Además, se había abierto una brecha en la línea defensiva. Varios ogros y orcos se lanzaron como una tromba escalera arriba. Los arqueros situados en la plataforma superior descargaron contra ellos una lluvia de flechas, sin fallar ni un disparo, y los cadáveres se amontonaron en los peldaños. Pero, cada vez que caía una de las bestias, otras dos surgían de las sombras para ocupar su lugar; y así, poco a poco, los monstruos ganaron posiciones por los cuatro costados.
La provisión de flechas no era inagotable; después de disparar las últimas saetas, los arqueros desenvainaron sus espadas y se dispusieron a morir peleando. Con la aldea en llamas, y con las bestias dueñas del terreno, no podían pensar en la retirada. Sólo les quedaba luchar y morir como valientes. Su resistencia duró unos minutos, y, cuando cayó el último, una docena de orcos aullaron su victoria desde lo más alto de la pirámide.
—¡Atrás! ¡Atrás! —gritó Cordell, y las trompetas tocaron retirada. A lo largo de la línea, diezmada por la primera fase de la batalla, los hombres exhaustos abandonaron sus posiciones. La segunda oleada de atacantes corría a través de la llanura enfangada, pero todavía le quedaba por recorrer casi un kilómetro y medio.

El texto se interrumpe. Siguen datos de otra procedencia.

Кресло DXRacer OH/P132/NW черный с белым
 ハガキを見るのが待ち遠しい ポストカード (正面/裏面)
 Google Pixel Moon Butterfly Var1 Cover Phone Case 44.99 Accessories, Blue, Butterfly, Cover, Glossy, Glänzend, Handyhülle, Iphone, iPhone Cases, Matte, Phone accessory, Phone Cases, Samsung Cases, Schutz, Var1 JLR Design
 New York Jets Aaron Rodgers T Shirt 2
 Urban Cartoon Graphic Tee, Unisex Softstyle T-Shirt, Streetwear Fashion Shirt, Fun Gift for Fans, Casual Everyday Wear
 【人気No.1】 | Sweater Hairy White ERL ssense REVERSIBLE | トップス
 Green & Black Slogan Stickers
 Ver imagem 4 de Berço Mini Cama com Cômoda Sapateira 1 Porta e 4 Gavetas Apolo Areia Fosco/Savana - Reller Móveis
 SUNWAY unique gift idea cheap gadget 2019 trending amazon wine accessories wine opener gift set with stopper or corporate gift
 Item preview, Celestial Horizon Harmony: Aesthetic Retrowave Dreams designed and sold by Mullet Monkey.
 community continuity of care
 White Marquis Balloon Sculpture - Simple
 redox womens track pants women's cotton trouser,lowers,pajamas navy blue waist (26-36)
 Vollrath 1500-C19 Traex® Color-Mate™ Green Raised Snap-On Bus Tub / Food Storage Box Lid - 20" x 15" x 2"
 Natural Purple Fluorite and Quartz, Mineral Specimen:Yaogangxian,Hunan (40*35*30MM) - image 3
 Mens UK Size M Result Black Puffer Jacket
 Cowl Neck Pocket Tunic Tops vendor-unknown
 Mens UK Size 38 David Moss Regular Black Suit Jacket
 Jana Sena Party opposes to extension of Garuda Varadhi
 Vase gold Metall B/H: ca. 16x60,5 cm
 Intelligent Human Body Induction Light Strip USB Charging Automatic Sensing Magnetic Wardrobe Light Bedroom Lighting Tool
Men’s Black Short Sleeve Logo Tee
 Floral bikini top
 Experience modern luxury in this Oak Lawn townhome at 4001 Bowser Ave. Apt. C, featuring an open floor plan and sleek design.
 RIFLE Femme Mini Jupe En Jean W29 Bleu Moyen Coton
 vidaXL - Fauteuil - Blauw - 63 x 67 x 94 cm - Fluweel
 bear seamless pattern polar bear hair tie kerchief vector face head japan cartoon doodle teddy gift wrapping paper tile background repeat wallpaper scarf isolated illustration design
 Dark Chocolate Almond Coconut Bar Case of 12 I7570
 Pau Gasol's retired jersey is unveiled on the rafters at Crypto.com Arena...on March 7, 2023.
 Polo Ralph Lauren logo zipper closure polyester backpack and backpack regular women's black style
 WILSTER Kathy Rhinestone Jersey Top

Nayap, que había soportado la primera embestida, se había convertido en una pira funeraria para todos los hombres que habían muerto en su defensa.
—¿Qué hacemos ahora? —preguntó Grimes, que cabalgaba junto al capitán general.
—Tenemos que conservar Actas —respondió Cordell, y le señaló la aldea que marcaba el final de la línea defensiva por el lado de tierra—. Hay que defenderla cueste lo que cueste, aunque tengamos que acortar la línea. ¡Mantén a los lanceros preparados y vigila nuestro flanco! —El general llamó a Daggrande, que se acercó a la carrera.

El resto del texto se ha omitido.